Mr. Angus Maclnnis (Vancouver-Kingsway):
Mr. Speaker, I wish to take advantage of this debate to say a few words on a particular phase of immigration matters that I have taken up with both the present minister and his predecessor. I am not going to go into the question of general policy now, but will deal with the policy of the department respecting certain people found more generally, I think, in the province of British Columbia.
The hon. member for Vancouver South (Mr. Philpott) referred to the East Indian residents of British Columbia, and I can save time by saying that I agree with what he said and support him fully in the points he raised. I wish to take up the case of other persons of Asian origin in Canada, the Chinese. It is just possible the hon. member for Vancouver South (Mr. Philpott) may have touched on this, too; I went out of the chamber while he was speaking, and I do not know.

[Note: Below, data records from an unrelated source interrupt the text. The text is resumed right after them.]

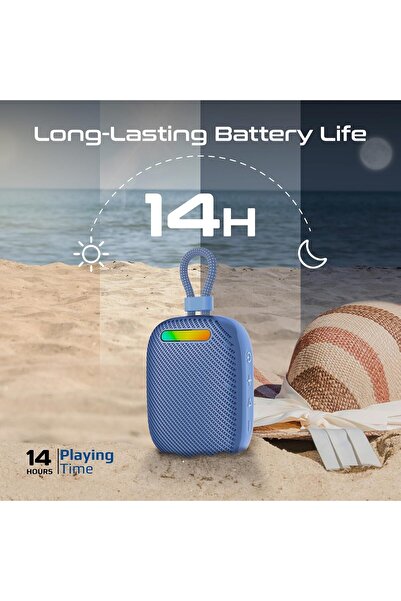 Promate مكبر صوت كريستال ساوند لاسلكي بتقنية البلوتوث 5.4، صوت ستيريو عالي 7 وات، أوضاع إضاءة RGB، مقاوم للماء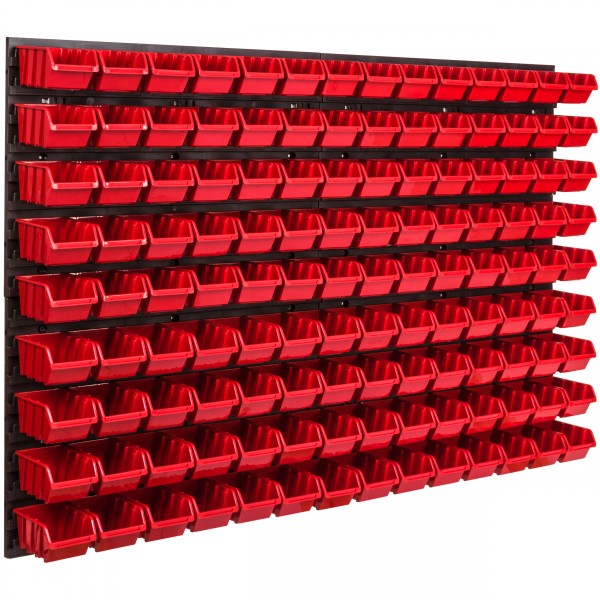 Tool wall with 126 boxes Red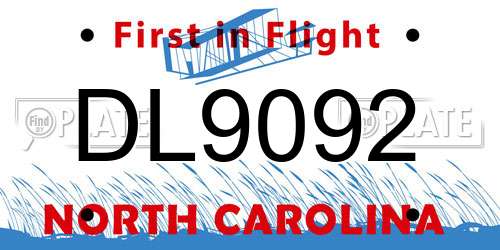 DL9092 North Carolina License Plate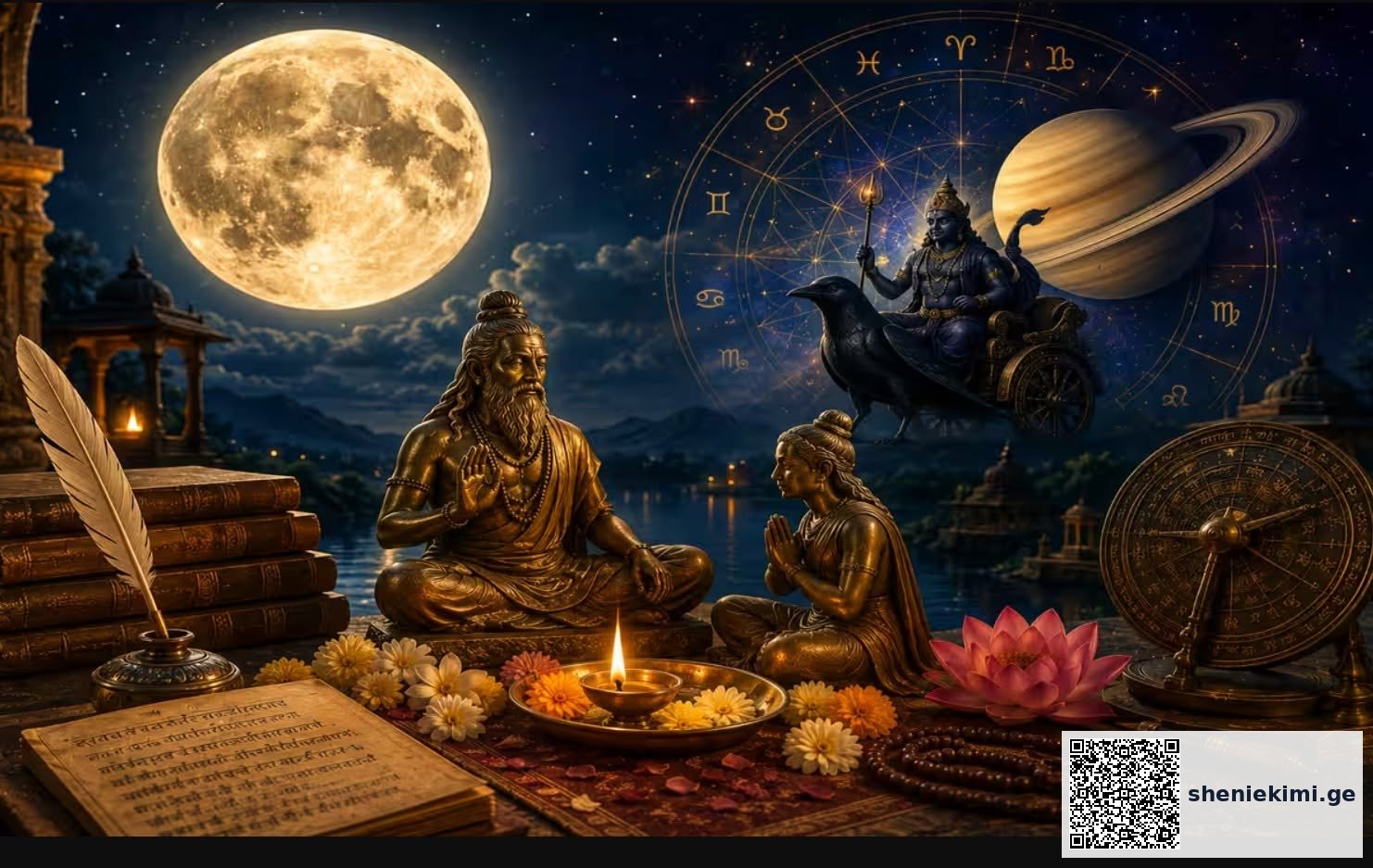 Hindu sage and young student in prayer by a lit lamp, with books, flowers, and an astrological wheel in a night scene.
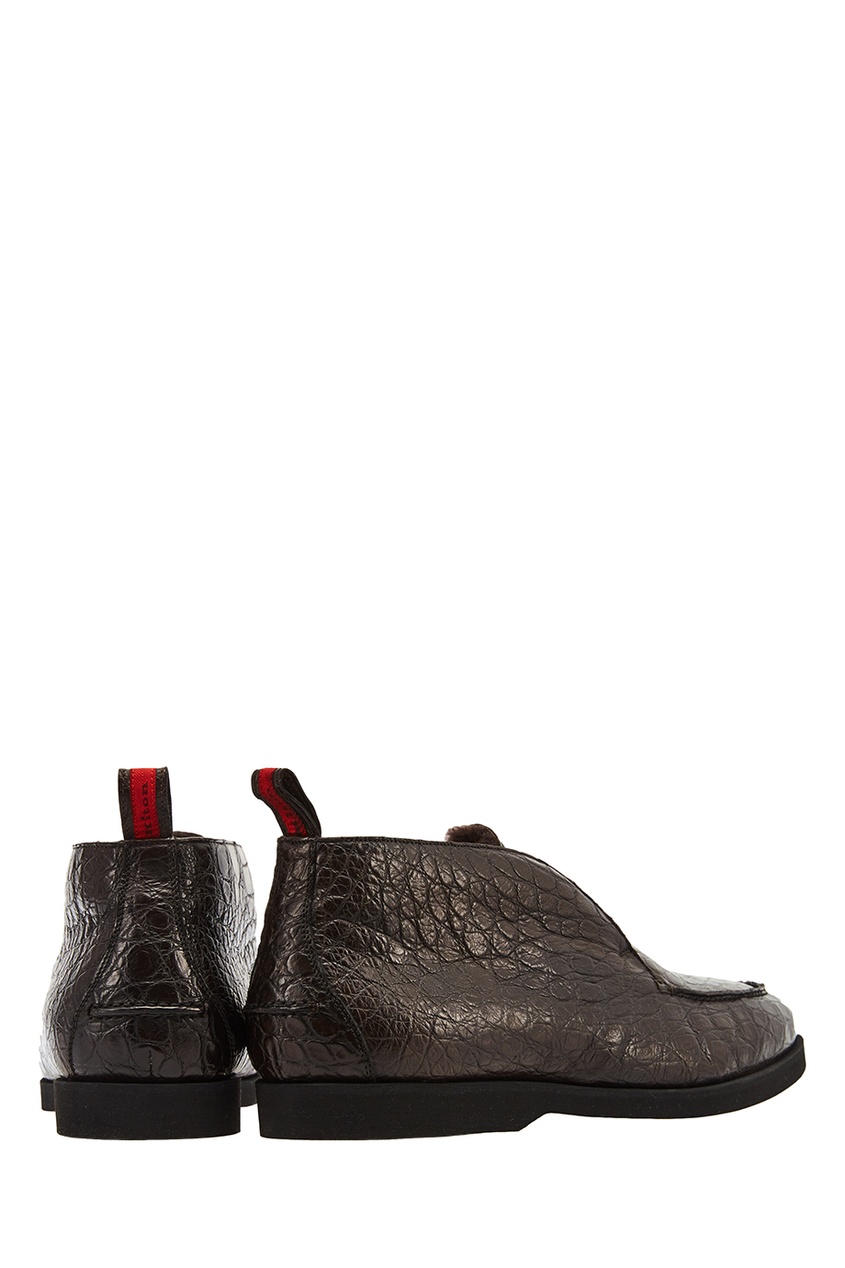 фото Кожаные ботинки с мехом Kiton
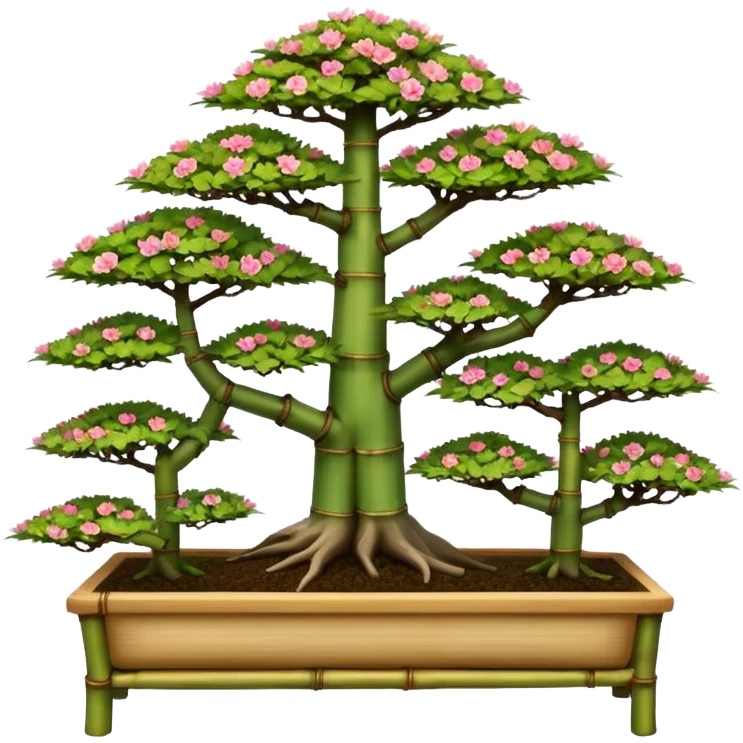 Wide Three tiered bonsai planters stand, shelving nine maple specimens and several smaller azaleas, frame made of one inch thick bamboo  emoji
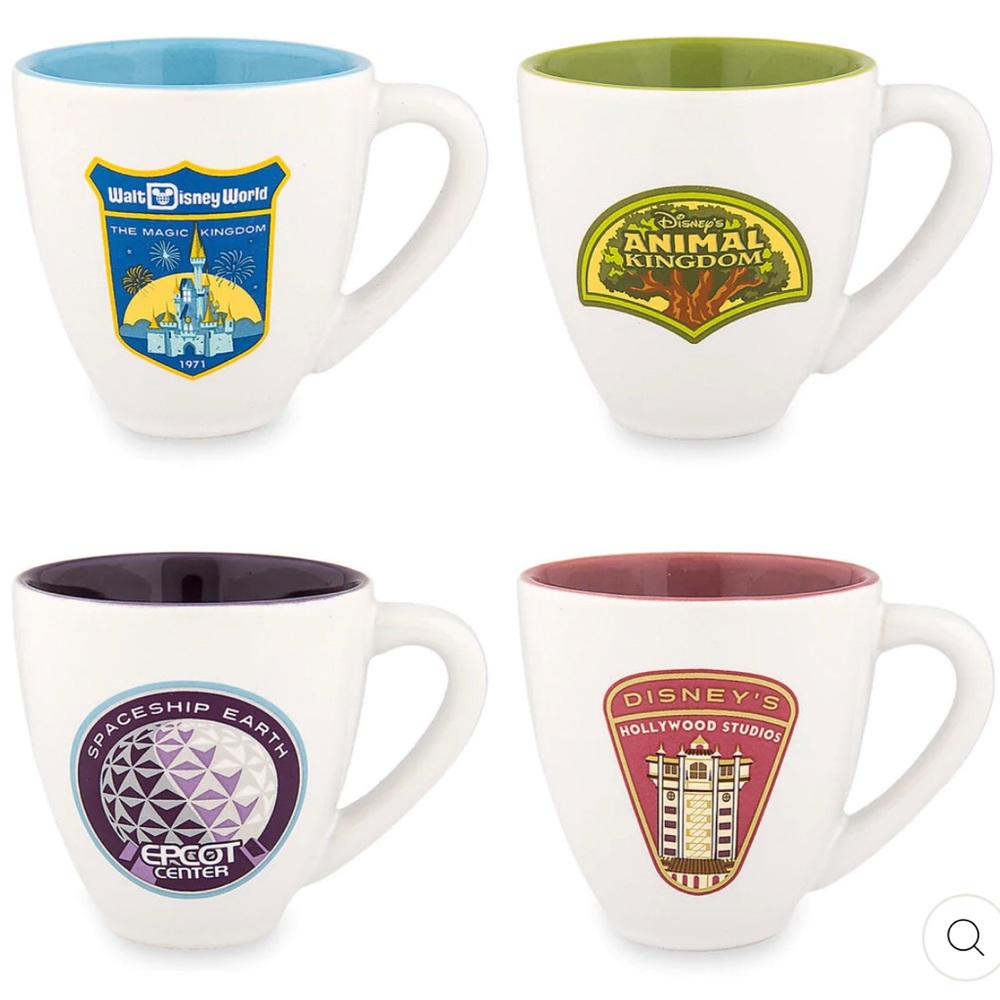 Disney Parks Walt Disney World Passport Collection Coffee Espresso Cups 4-set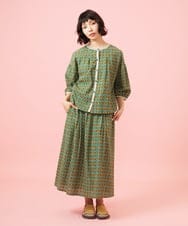 GJHGE38200 Jocomomola(ホコモモラ) Alcazar コットンシフォン幾何プリントフレアスカート オレンジ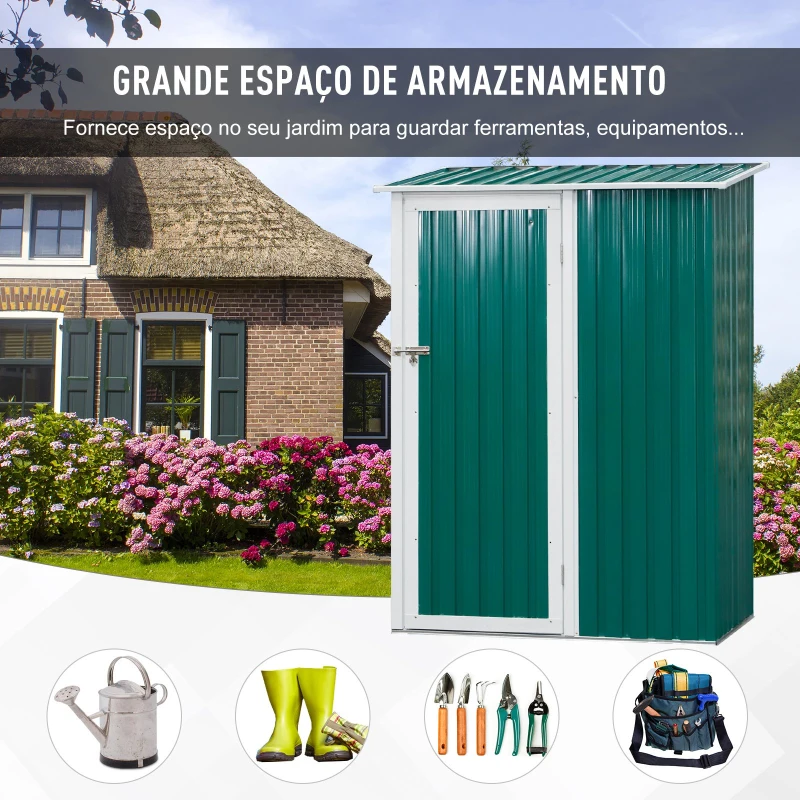 Outsunny Galpão de jardim com porta com trava 143x89x186cm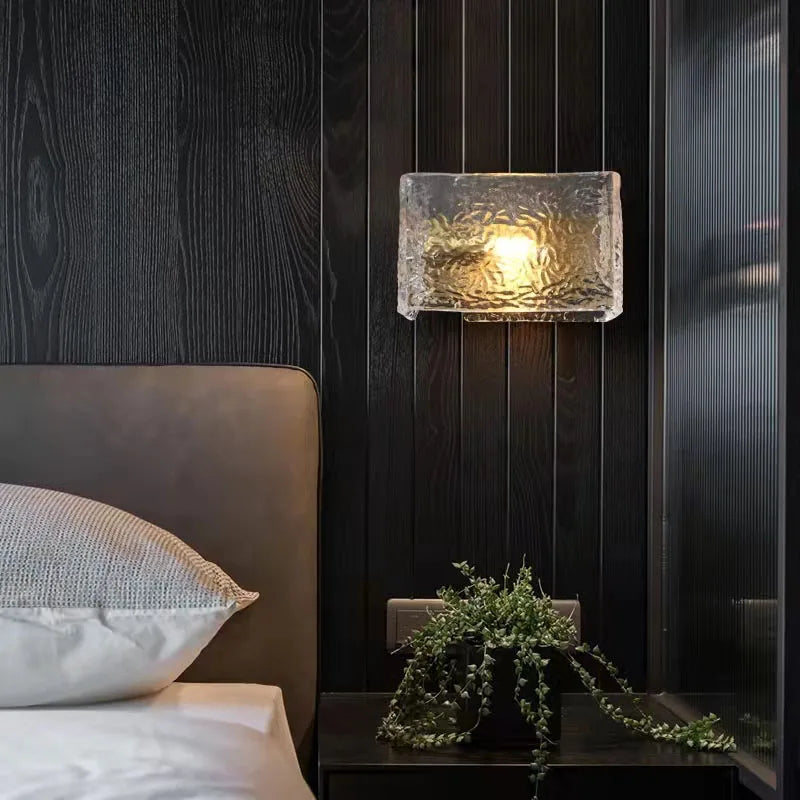 applique murale carrée en verre à motif d'eau pour décoration intérieure moderne - vue 2 sur 7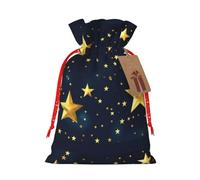 Xzsxhe Stars Eastern Pattern Print Christmas Gift Bags, Drawstring Gift Wrap Bags Candy Storage Bag Reusable Party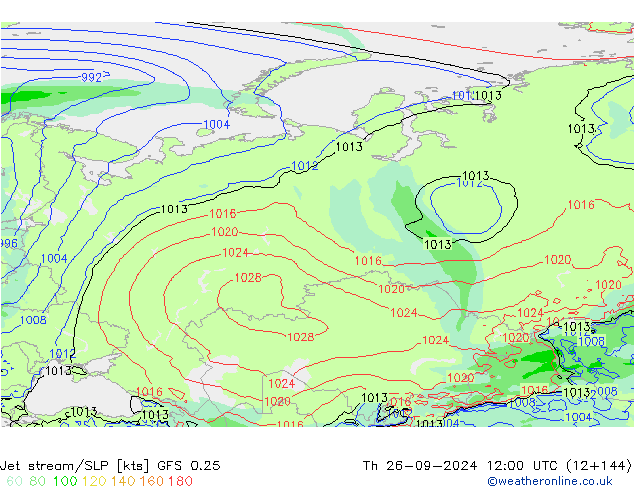 Prąd strumieniowy GFS 0.25 czw. 26.09.2024 12 UTC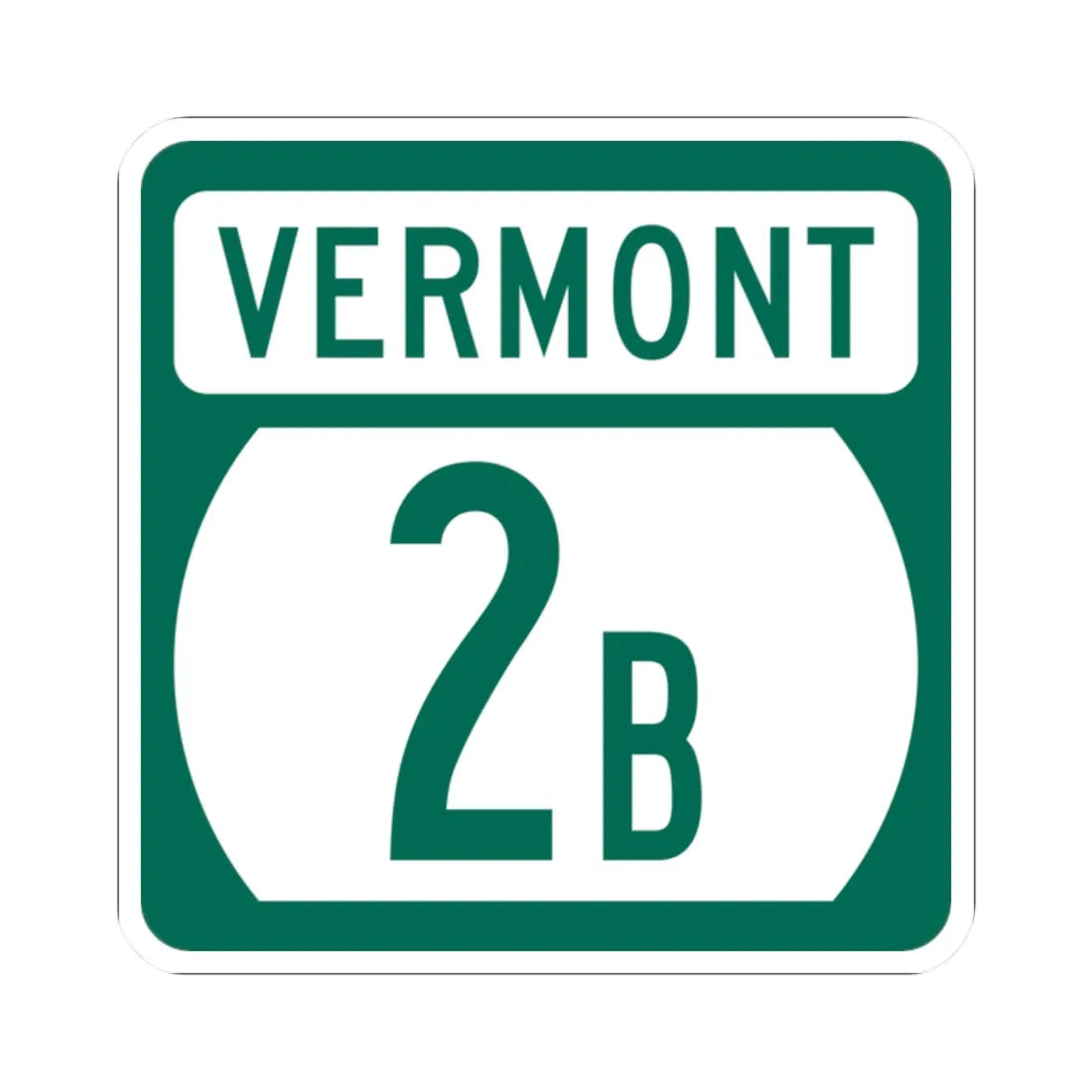 Vermont 2B (Vermont) (Road Sign) STICKER Vinyl Kiss-Cut Decal 2 Inch White - The Sticker Space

I am sure the minister will know, even although he did not hold his present office at the time, that the Chinese benevolent association of British Columbia presented a brief concerning immigration laws and the citizenship act to his predecessor, the present Minister of Finance (Mr. Harris). I must say that I am in complete agreement with the association when they say they want to be put on the same basis as other residents in Canada in regard to immigration. I do not believe that is too much to ask.
I see the minister is paying attention, and he will find on page 3 of this brief-I am sure he has a copy of it on file-a request for modifications. Under that heading they say this:
As you know, the Chinese benevolent association has, on behalf of its members, long pressed and
still presses most strongly for the repeal of the discriminatory order in council P.C. 2115 and of the footnote thereto, and for the repeal of P.C. 2826 which replaces former orders in council P.C. 2743 and P.C. 4849. If, however, the total repeal of the aforementioned provisions of the immigration regulations is at this time impossible, we would petition for at least the following modifications to the immigration regulations.
I am not going to take up the time of the house by reading the modifications particularly requested. I do insist, however, that we should not have in this country two classes of citizens or even two classes of residents. What we do for a resident, let us say of Swedish nationality who is not a citizen, we should do for a resident of Chinese nationality, Japanese nationality, or East Indian nationality who is not a citizen. I feel the house will agree with me when I say that is not too much to ask.
Now I shall read the last request made by the Chinese benevolent association. I am going to say a few words about that, and then I shall conclude my remarks. This is clause (g) of the modifications the Chinese benevolent association would like to have made:
That in special cases or merit where circumstances of hardship exist, close relatives of Chinese Canadians such as parents, grandparents, brothers, sisters and stepchildren, and children not otherwise admissible because of their age, be allowed to immigrate to Canada at the discretion of the minister of citizenship and immigration.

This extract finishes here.